Fracassos na pista e demora para atualização
Quando a temporada começou, o que era previsto aconteceu. A Forti Corse era um conjunto extremamente lento e pouco competitivo, de modo que Moreno e Diniz estavam relegados ao fundão, com uma enorme distância para os ponteiros. A etapa de Imola foi um exemplo: eles se classificaram respectivamente a oito e nove segundos da pole position, e receberam a bandeirada sete voltas atrás do vencedor. Era muita coisa. Com a crise, Rinland deixou o time logo no começo de maio.

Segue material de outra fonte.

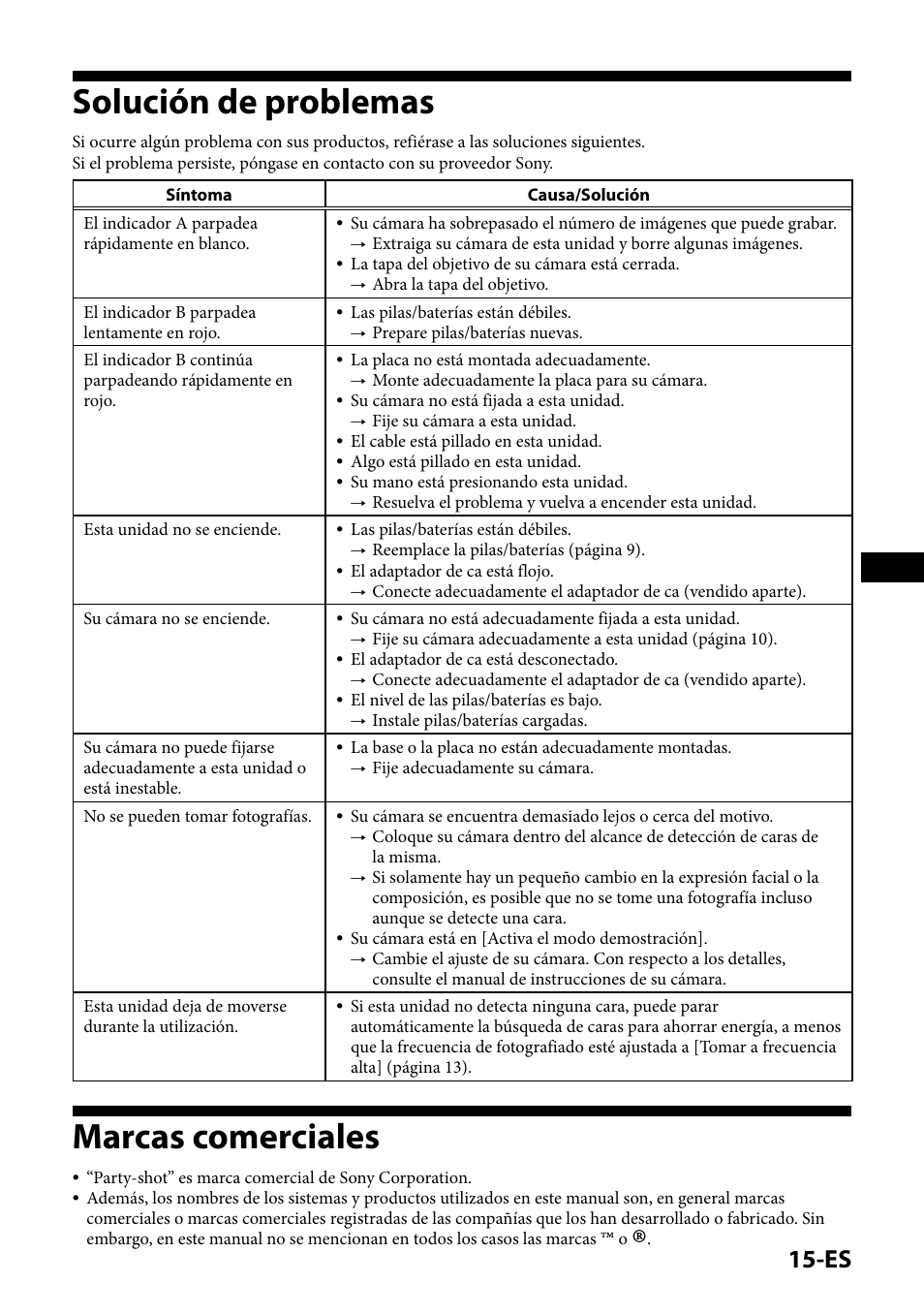 Solución de problemas, Marcas comerciales, Solución de problemas marcas comerciales | Sony IPT-DS1 User Manual | Page 59 / 189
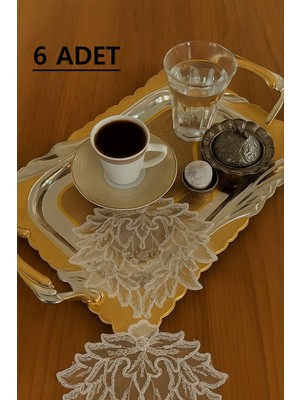 PremiumPort Kahve Renkli Dekoratif Güpür Dantel Peçete Seti 6'lı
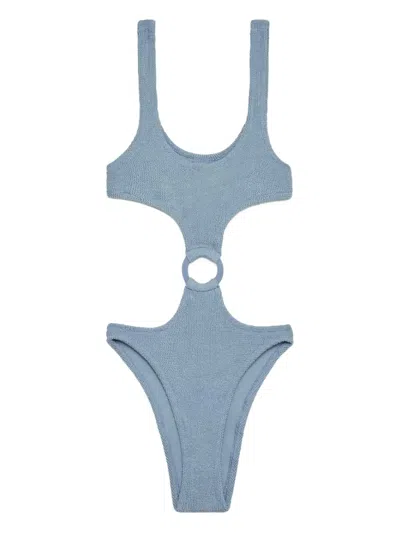Mc2 Saint Barth Laurel Ring-detail Cut-out Swimsuit In Gray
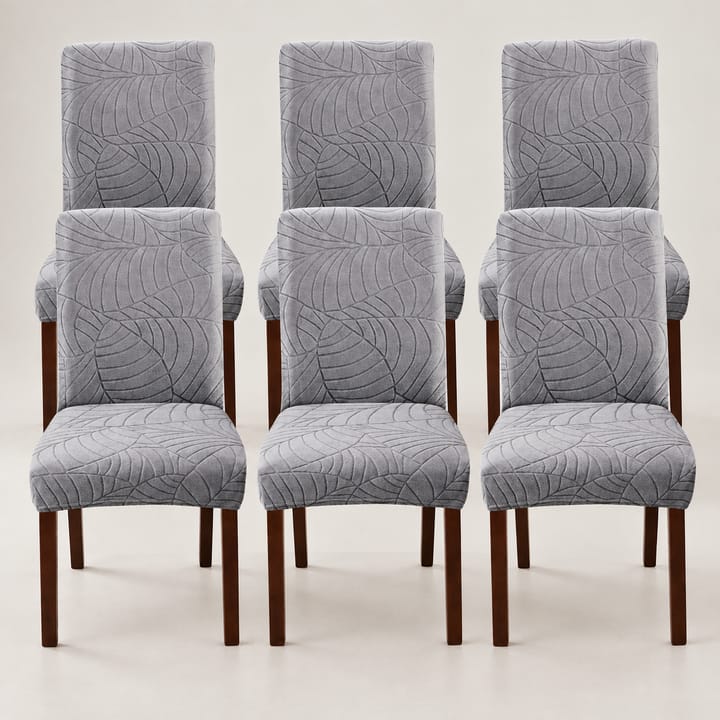 The Leaf Jacquard Dining Chair Cover, Light gray, 6 covers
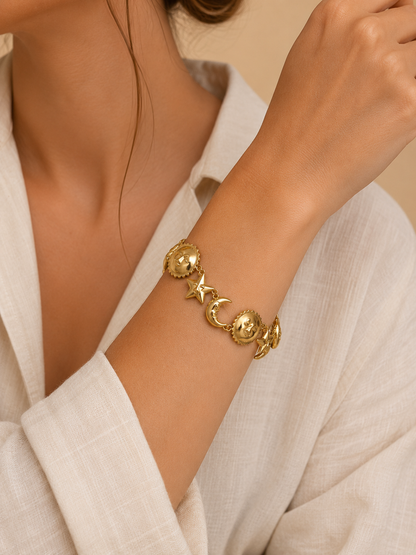 Golden Celestial Charm Bracelet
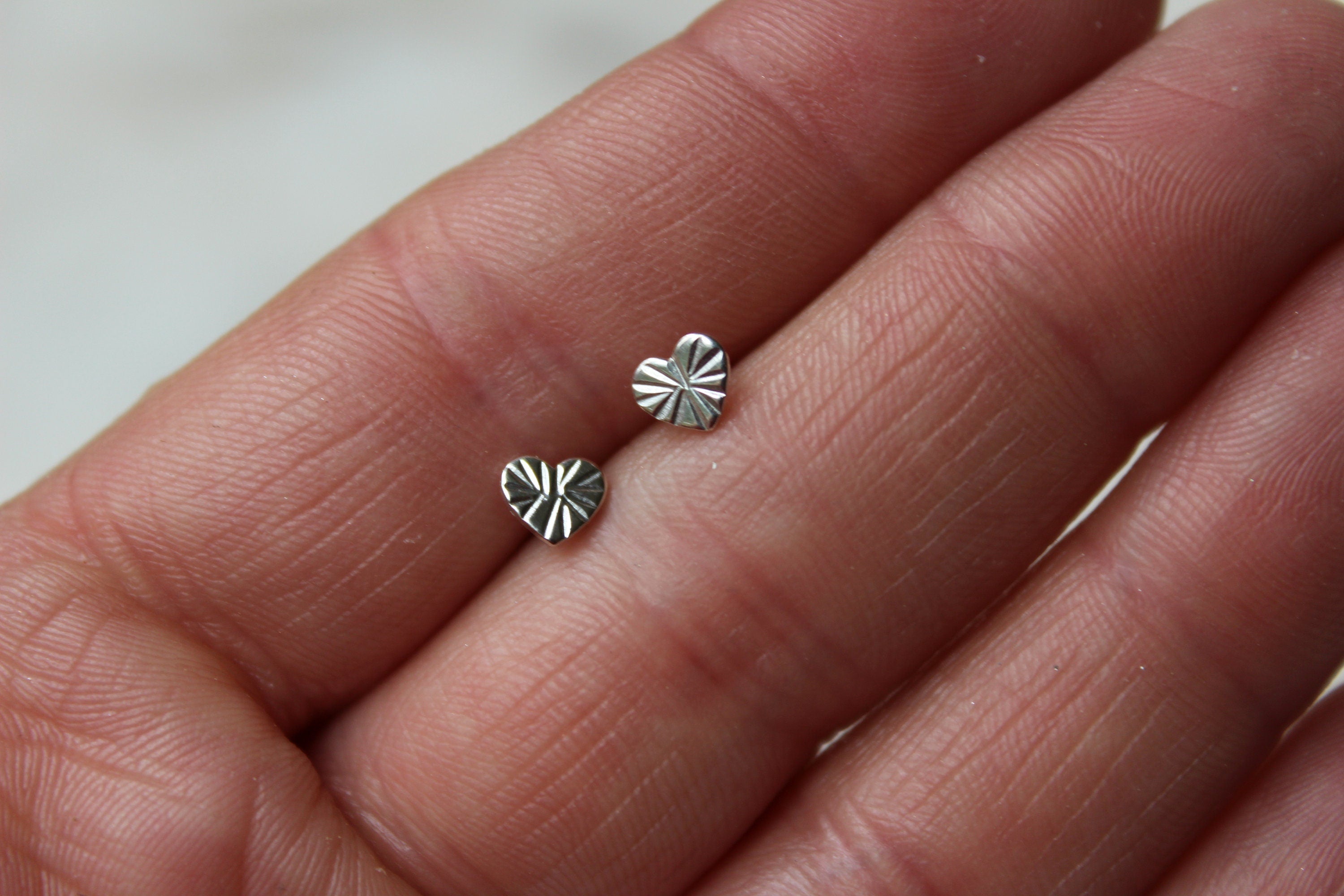 Hammered Sterling Silver Heart Stud Earrings, 5mm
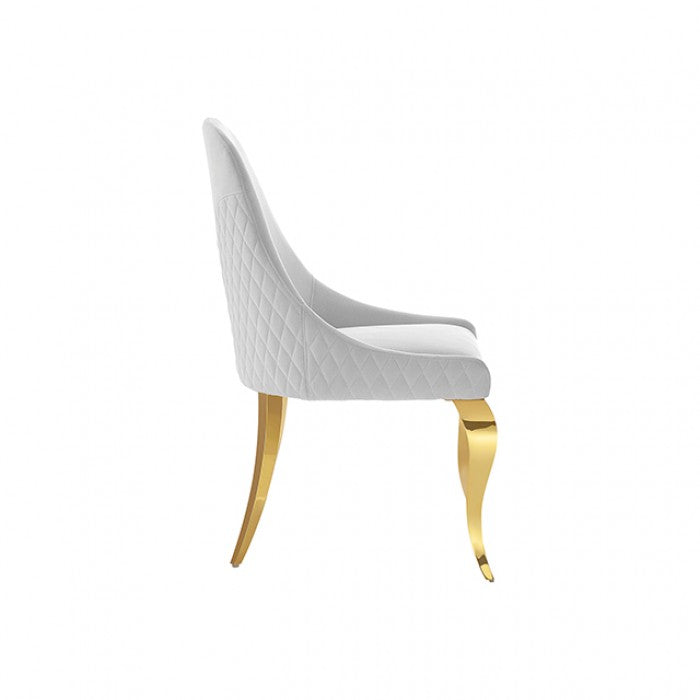Neuveville Gold/White Upholstered Side Chair Set of 2 by Furniture of America at Eve Furniture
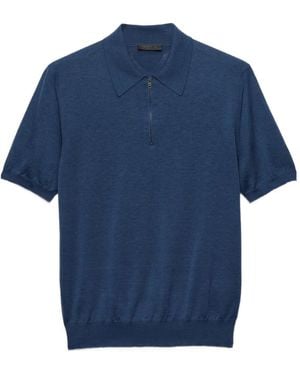 Prada Polo De Seda Y Algodón - Azul
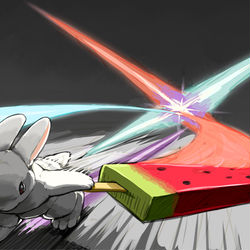 This is a pixiv picture whose title is アイス×うさぎ.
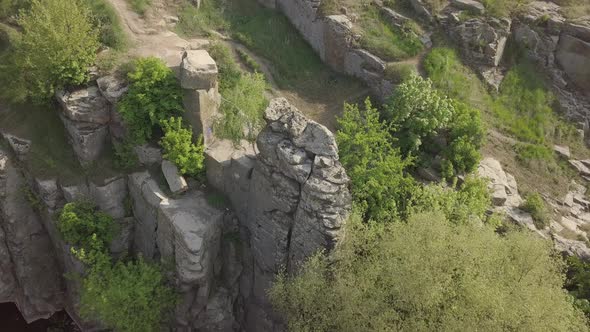 Aerial View To Granite Buky Canyon on the Hirskyi Takich River in Ukraine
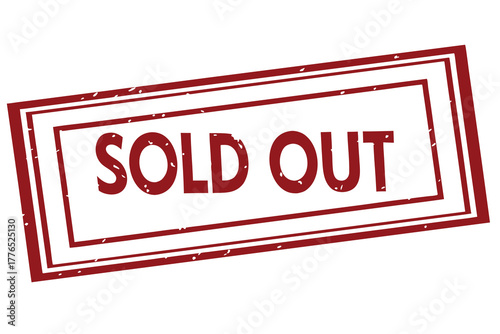 Impressively bold red sold out stamp indicates complete depletion of available stock currently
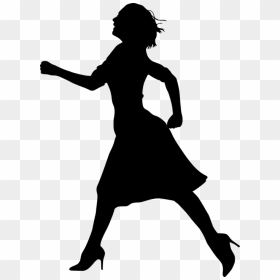 Running Woman Silhouette, HD Png Download - woman running png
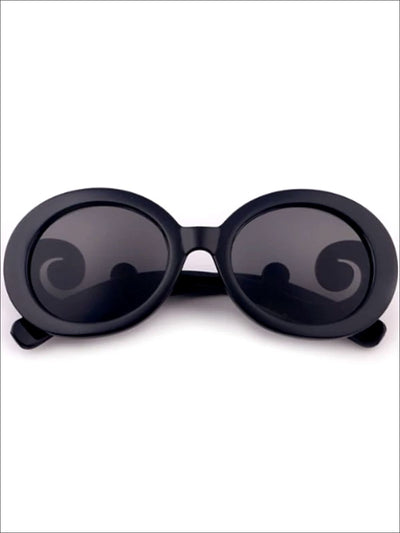Girls Black Round Vintage Sunglasses - Black - Girls Accessories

O trabalho no desenvolvimento do carro foi intenso. O primeiro passo era eliminar o enorme sobrepeso, sendo que na etapa de Silverstone eles já estavam mais perto do limite de 595 kg. Quanto à estreia do câmbio semiautomático, as várias metas estabelecidas pela própria equipe não foram cumpridas. Tentaram em Imola, depois Budapeste, depois Monza, mas não rolou, já que ainda havia problemas de confiabilidade nos testes. Mesmo assim, a Forti Corse chegou a progredir e ficou mais embolada com Pacific e Simtek, as outras equipes menores da época.
Ainda durante a temporada de 95, a F1 tentou estrear a regra dos 107% – ou seja, o piloto só poderia largar no GP se fizesse um tempo dentro de 107% em relação ao pole position. A ideia precisava de unanimidade para ser implementada com o campeonato em andamento, e a Forti se posicionou de forma contrária. Afinal, caso a regra fosse usada durante o ano, o time só conseguiria largar em um único GP na temporada, e com apenas um carro.
O câmbio semiautomático continuou sendo desenvolvido, e foi usado em corrida somente em Nurburgring, e apenas no carro de Moreno. No entanto, ele ainda não funcionava bem, já que chegou a apresentar problemas nas reduções.
Desta forma, o time permaneceu com o manual até o fim da temporada, e o cenário em um aspecto geral era preocupante para a Forti. Diniz, que tinha um papel importante na parte financeira da equipe, se mandou para a Ligier, onde competiu em 96. Em sua segunda temporada na F1, a Forti estreou uma versão B de seu modelo, e este já usava o câmbio semiautomático. Porém, a F1 implementou a regra dos 107%, e isso fez com que a Forti conseguisse uma vaga no grid em apenas seis corridas do ano.
Desta forma, a Forti Corse fechou as portas ainda com a temporada em andamento, encerrando de maneira dura a sua aventura na F1.